L’océan Atlantique et la Méditerranée sont des grands mutilés de guerre. Dans leur fonds sont tapis des milliers d’armes non explosées larguées pendant les deux dernières guerres mondiales ou délibérément rejetées après. Les pays belligérants ont consacré dans le passé et le présent des moyens dérisoires et intermittents pour se débarrasser des munitions immergées.
Cet été, le Geo Ocean III, un navire rouge battant pavillon du Luxembourg et le Venus II, un chien de garde noir battant pavillon du Panama, quadrillent la Manche au large de Dieppe/Le Tréport pour renifler les déchets de guerre et écarter les pêcheurs professionnels.

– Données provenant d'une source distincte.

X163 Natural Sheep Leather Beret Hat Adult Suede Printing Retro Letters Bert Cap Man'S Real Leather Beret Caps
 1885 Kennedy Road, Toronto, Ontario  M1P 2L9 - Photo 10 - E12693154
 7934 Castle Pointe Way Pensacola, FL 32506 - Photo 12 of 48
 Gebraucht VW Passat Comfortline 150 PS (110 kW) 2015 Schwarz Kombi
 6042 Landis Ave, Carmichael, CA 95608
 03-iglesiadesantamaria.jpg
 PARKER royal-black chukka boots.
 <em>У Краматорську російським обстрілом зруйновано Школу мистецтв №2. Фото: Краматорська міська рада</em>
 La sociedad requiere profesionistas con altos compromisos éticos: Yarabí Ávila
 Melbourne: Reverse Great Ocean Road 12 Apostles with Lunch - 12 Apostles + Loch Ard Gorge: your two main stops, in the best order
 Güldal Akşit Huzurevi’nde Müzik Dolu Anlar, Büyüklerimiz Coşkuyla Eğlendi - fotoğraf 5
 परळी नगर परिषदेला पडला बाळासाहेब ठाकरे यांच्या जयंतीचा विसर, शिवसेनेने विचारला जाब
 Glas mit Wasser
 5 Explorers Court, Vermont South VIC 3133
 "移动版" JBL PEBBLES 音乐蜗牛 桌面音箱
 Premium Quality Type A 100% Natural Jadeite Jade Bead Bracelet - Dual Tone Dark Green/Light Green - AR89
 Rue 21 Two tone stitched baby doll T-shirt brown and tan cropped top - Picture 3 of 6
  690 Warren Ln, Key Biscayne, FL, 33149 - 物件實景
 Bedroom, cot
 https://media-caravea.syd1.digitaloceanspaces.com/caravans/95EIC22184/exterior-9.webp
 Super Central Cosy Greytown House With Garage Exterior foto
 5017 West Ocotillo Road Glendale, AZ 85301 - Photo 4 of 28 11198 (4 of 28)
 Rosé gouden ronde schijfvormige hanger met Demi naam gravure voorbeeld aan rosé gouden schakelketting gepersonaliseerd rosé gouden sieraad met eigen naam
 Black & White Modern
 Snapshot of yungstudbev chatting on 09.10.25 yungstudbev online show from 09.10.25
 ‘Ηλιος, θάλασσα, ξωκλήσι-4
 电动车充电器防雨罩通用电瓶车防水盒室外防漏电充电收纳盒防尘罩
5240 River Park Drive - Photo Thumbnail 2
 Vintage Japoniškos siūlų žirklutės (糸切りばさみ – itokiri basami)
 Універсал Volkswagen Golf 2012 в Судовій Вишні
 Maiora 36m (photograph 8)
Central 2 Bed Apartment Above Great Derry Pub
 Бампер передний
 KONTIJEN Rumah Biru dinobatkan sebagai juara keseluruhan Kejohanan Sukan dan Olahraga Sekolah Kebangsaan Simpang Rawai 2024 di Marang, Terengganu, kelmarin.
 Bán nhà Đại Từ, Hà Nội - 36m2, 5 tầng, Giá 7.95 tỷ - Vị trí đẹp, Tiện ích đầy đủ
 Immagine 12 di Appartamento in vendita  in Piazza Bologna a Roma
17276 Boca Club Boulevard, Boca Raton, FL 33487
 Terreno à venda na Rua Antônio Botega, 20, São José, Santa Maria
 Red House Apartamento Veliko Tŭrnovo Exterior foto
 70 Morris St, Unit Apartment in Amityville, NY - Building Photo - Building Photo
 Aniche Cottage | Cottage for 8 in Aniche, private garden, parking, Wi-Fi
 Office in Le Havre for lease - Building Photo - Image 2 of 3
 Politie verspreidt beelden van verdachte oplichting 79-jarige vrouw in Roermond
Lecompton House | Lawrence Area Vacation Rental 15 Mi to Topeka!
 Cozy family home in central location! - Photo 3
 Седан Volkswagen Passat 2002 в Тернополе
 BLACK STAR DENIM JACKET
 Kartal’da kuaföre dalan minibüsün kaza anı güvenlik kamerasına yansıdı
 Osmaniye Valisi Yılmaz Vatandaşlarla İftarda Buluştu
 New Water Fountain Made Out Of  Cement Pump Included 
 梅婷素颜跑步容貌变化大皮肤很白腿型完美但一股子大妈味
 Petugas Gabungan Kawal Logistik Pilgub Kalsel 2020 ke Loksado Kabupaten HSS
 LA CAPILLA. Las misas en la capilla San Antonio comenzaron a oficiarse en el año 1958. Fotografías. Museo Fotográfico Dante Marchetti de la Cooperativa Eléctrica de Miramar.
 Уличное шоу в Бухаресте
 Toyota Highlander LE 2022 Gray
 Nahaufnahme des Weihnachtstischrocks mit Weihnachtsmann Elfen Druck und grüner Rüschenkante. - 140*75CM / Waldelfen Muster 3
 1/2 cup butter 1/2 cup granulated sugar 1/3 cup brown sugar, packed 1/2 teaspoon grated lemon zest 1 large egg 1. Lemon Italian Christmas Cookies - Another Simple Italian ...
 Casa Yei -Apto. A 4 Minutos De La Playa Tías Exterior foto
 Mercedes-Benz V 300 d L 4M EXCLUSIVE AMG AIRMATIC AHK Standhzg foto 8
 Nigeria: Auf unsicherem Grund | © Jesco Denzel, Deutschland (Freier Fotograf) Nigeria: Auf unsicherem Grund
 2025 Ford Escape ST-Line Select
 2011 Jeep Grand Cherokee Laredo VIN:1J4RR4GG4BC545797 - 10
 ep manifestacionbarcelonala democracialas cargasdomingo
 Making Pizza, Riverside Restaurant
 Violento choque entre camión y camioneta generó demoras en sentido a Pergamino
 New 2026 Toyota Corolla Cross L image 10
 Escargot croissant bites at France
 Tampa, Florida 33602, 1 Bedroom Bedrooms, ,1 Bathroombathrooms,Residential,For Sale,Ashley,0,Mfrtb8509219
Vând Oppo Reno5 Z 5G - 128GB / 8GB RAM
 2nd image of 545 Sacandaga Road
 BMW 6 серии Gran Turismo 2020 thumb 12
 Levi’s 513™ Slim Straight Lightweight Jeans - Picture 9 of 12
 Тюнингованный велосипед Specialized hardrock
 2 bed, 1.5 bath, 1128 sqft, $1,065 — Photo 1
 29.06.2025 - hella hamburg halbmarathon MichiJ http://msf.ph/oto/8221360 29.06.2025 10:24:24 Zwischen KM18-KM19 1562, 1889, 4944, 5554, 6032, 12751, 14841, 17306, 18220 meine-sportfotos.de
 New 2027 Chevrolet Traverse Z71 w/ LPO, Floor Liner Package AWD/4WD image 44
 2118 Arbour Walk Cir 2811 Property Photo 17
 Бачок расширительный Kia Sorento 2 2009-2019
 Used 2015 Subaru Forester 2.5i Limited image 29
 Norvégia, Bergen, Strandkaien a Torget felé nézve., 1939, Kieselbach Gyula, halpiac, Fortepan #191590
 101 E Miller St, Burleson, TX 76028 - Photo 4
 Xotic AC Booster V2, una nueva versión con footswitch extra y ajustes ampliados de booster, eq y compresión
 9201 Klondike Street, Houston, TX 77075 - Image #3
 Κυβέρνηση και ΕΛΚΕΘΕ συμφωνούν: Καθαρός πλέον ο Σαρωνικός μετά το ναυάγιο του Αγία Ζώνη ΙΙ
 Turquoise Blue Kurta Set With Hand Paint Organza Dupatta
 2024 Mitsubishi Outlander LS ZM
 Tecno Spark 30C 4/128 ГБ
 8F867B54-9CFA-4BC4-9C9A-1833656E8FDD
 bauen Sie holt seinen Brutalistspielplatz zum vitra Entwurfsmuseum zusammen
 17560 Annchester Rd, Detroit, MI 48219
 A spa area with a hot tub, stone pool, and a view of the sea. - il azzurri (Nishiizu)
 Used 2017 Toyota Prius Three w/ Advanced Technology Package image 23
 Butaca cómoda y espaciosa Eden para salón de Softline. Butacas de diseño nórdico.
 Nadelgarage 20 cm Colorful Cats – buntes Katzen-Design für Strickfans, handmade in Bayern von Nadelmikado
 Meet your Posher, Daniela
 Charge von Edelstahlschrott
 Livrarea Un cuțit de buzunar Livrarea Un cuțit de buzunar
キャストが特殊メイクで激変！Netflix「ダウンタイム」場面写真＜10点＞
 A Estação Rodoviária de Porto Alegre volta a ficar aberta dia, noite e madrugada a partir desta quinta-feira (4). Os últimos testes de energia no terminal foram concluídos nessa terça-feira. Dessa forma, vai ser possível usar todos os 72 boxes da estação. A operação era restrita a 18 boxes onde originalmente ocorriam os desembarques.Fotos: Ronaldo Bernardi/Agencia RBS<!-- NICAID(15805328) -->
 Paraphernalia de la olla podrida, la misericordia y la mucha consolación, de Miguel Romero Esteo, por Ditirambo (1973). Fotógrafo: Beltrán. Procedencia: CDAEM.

Cette campagne de détection tardive, opportuniste et forcément bâclée, vise à sécuriser les fondations de 62 éoliennes industrielles et le tracé des câbles électriques sous-marins. Elle est encadrée par un arrêté du préfet maritime de la Manche et de la mer du Nord en date du 23 juin 2023 faisant suite avec une diligence remarquée à une demande du 16 juin 2023 de la société EMDT (Eoliennes en Mer Dieppe Le Tréport) derrière laquelle est à l’œuvre un consortium d’intérêts portugais, japonais et français.
La campagne de détection sera suivie d’une campagne de destruction par le Groupement des plongeurs- démineurs de Cherbourg. Ces destructions en rafales libèrent des effets de souffle et d’énergies acoustiques et vibratoires qui mutilent les poissons, les marsouins et autres mammifères marins.
Il y a entre Dunkerque et Cannes à proximité du littoral et des plages au moins 81 décharges sous-marines de munitions conventionnelles et chimiques. Chahutées par les houles sous-marines, attaquées par la corrosion, elles diffusent au goutte-à-goutte de l’arsenic, du mercure, des perchlorates, des résidus de trinitrotoluène, de dinitrotoluène, de trinitrophénol et de nitro-diphényles, un cortège de cancérogènes, mutagènes, reprotoxiques, neurotoxiques, perturbateurs endocriniens, herbicides et algicides.
Pour faire suite à un engagement (oublié) de l’Etat lors du Grenelle de la Mer en juillet 2009, Robin des Bois a recommandé dans le cadre de la future Stratégie Nationale pour la Mer et le Littoral que les décharges sous-marines de munitions et les épaves de navires contenant des matières dangereuses fassent l’objet d’un suivi et d’une hiérarchisation. Cette proposition avait dans un premier temps été acceptée en mai 2023 par le Secrétaire d’Etat chargé de la Mer et le Conseil National de la Mer et des Littoraux. Mais elle a été dans un deuxième temps retirée au motif que cette Stratégie “n’est pas le cadre adapté aux sujets militaires”. La loi du secret s’impose sur la mer.
Compte-tenu du vieillissement des munitions immergées, de l’élévation du niveau de la mer, de l’activité sismique et des furieuses tempêtes, les décharges sous-marines et les épaves bourrées d’explosifs seront soumises dans les années et décennies à venir à des contraintes, des agressions et des dispersions qui réveilleront trop tard l’inertie des pouvoirs publics.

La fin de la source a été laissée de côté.